Ohio lawmakers also passed legislation (House Bill 180) to curtail the use of local hire programs. House Bill 180 bars public authorities from requiring contractors on public projects to hire a certain number or percentage of local residents from defined geographical areas. The law also prohibits the use of bid award bonuses or preferences as incentives to meet such requirements. Ohio Governor John Kasich signed the bill into law on May 31, 2016 with an effective date of August 31, 2016. However, the City of Cleveland filed a lawsuit (City of Cleveland v. State of Ohio, No. CV-16-868008 (Cuyahoga C.P. 2016)) claiming that HB 180 violates the Ohio Constitution by undermining the City’s “home rule” right of self-governance to pass laws for the benefit of its constituents. The State claims that HB 180 is permissible under Section 34 of the Ohio Constitution, which allows the state to pass generally applicable laws providing for the “health, safety and general welfare” of the people of Ohio, which laws preempt home rule ordinances. The Court of Common Pleas issued a preliminary injunction preventing the enforcement of HB 180 pending trial on the permanent injunction. The hearing is currently scheduled for November 7, 2016.
Be Aware of the Changing Landscape of Local Hiring Laws
The validity and requirements of local hiring law vary widely from jurisdiction to jurisdiction.

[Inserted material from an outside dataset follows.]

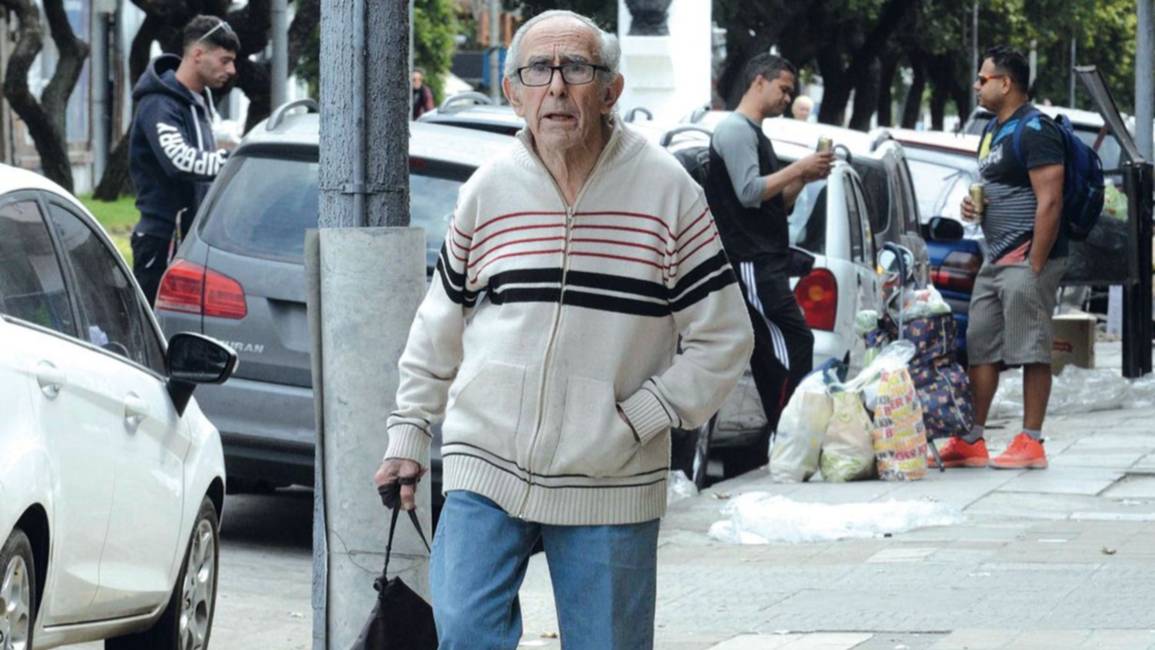 A tres años de la muerte de Ricardo Barreda: "Nunca se arrepintió"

The recent updates mentioned above are only a few of the reported changes to local hiring programs and related legislation occurring across the nation. Public contractors, owners receiving public funds, and local governments should be aware of the ever-changing landscape of local hiring laws, particularly the recent developments in Louisiana, Tennessee and Ohio. Careful attention should be paid to these requirements before, during and after the bidding process, to ensure compliance is maintained and negative consequences are avoided.